1. Just a Real Quick Note About Soccer
It’s not soccer, it’s futbol, and Argentinians take it very seriously. Unless you’re prepared to really defend your views, it’s probably best to only say good things about futbol (and specifically praise the prowess of the Argentinian national team).
2. Don’t Go in Expecting a Quiet Vacation
Perhaps the most important thing to understand when you’re visiting Argentina is that the people have an international reputation for being passionate, friendly, ebullient people. Read: they’re loud. It’s not a bad thing, it’s just a cultural difference you should expect before you arrive.
3. Don’t Walk Around Without a Map
Anyone visiting Buenos Aires should know that the city can alternate socioeconomic levels on a block by block basis. In other words, upscale hotspots may be just a few feet away from impoverished ghettos. You don’t want to accidentally end up on the wrong block in Argentina, so it’s best to know where you’re going.
4. Steer Clear of National Politics
This goes for both conversation and demonstrations. Argentinians are passionate about local and international politics, so unless you’re willing to ignite an argument, don’t talk about politics. In addition, big cities like Buenos Aires have regular political demonstrations that can get moderately violent. As a result, when you see a big crowd near a government building, it’s probably a good idea to just head the other direction.

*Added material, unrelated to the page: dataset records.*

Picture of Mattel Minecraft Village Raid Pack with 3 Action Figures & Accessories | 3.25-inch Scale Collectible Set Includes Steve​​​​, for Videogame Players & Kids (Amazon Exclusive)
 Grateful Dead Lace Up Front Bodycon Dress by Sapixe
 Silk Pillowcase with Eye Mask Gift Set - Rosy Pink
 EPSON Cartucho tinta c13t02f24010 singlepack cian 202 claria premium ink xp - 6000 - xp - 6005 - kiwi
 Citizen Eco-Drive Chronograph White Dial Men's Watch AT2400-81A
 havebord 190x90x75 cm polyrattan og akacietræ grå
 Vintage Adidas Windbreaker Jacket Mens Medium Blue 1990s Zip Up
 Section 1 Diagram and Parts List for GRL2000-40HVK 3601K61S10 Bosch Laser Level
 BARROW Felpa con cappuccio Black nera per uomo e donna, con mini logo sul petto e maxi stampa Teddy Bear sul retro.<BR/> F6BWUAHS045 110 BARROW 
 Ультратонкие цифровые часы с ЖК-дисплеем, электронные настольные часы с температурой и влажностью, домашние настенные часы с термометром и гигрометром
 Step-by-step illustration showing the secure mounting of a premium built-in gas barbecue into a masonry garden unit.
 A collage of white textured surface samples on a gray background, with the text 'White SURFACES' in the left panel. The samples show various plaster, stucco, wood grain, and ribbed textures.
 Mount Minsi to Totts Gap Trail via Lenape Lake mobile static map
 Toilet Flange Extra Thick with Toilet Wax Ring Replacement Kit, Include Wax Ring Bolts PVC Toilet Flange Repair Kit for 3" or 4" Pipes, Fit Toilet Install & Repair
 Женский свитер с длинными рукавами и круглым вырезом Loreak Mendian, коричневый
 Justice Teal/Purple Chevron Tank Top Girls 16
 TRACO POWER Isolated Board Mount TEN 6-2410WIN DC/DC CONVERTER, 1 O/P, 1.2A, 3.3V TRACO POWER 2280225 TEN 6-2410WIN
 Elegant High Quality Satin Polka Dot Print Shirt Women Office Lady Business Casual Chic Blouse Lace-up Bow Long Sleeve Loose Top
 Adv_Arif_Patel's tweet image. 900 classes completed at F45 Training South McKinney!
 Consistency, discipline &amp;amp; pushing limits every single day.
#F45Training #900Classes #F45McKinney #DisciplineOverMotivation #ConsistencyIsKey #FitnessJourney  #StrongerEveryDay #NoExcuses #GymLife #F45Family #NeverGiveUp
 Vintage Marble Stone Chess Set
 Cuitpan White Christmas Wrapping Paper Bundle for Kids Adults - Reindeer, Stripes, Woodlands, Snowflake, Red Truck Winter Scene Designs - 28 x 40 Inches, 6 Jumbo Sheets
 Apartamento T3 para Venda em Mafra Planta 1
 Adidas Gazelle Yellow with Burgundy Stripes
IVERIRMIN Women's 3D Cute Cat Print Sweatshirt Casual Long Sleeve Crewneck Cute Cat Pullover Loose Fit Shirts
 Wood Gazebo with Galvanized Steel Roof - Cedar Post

5. Don’t Refer to Yourself as an ‘American’
Why? Because you are from the United States of America, one nation among a lot of American nations. Citizens of the US aren’t the only Americans in the world, even if a lot of us like to pretend that we are. As natives of South America, Argentinians (and Brazilians, and Mexicans, and Colombians, and Canadians, et al.) are just as much “American” as you and me.
6. Don’t Moan and Groan to the Locals
No one likes a serial complainer, no matter where you are in the world. In Argentina, though, the locals really don’t want to hear your moaning, especially if your critiques are aimed at their beloved nation.
7. Don’t Walk Around the City Without Some Change
Big bills might be called counterfeit by an annoyed shop assistant and buses don’t accept paper money. As a result, it’s a good idea to keep a few bucks in change in your pocket or purse when you’re traveling around the city.
8. Don’t Go to Bed Early
If there was ever an entire country of people who lived for the night, it’s Argentina. On average, most people don’t roll out of bed until after nine. Dinner isn’t typically served until about 10:00 p.m. Clubs don’t start jumping until after 2:00 a.m. Most locals sleep about six hours a night and then take a short nap between the end of work and the beginning of the evening.
9. Don’t Pet the Dogs
Some of the larger bus stations in Buenos Aires have packs of feral dogs who live in the area. Usually they won’t mess with you, but just in case it’s best to take a wide berth.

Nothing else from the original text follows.